TASK:
If a line in the records contains the string "noir", show that line.

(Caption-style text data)
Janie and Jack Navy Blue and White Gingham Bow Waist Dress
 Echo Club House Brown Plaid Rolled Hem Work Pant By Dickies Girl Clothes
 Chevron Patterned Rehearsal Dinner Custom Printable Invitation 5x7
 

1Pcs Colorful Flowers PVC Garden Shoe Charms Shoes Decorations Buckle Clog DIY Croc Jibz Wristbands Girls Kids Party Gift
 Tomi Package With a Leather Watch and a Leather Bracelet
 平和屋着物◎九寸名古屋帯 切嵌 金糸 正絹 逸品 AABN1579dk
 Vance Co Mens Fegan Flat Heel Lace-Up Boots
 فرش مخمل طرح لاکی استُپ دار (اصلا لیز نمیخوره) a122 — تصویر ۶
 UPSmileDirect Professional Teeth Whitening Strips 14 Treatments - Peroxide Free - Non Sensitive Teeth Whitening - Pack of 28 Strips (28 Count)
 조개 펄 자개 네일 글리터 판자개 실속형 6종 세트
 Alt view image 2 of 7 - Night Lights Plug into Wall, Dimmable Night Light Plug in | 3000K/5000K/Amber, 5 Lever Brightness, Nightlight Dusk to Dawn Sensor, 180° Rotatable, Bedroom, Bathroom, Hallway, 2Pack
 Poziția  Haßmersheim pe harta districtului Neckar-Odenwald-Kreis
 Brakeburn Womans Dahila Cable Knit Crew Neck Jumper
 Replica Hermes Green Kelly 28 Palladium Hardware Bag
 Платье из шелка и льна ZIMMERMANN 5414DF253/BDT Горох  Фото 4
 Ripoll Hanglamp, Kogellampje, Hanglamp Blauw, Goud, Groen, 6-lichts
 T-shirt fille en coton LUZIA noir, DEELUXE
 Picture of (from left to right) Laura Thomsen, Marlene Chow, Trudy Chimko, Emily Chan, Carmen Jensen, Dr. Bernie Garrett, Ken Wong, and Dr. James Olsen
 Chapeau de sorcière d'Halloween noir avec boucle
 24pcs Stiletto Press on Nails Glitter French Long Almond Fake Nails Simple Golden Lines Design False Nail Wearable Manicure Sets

ANSWER FOR THIS EXERCISE:
 T-shirt fille en coton LUZIA noir, DEELUXE
 Chapeau de sorcière d'Halloween noir avec boucle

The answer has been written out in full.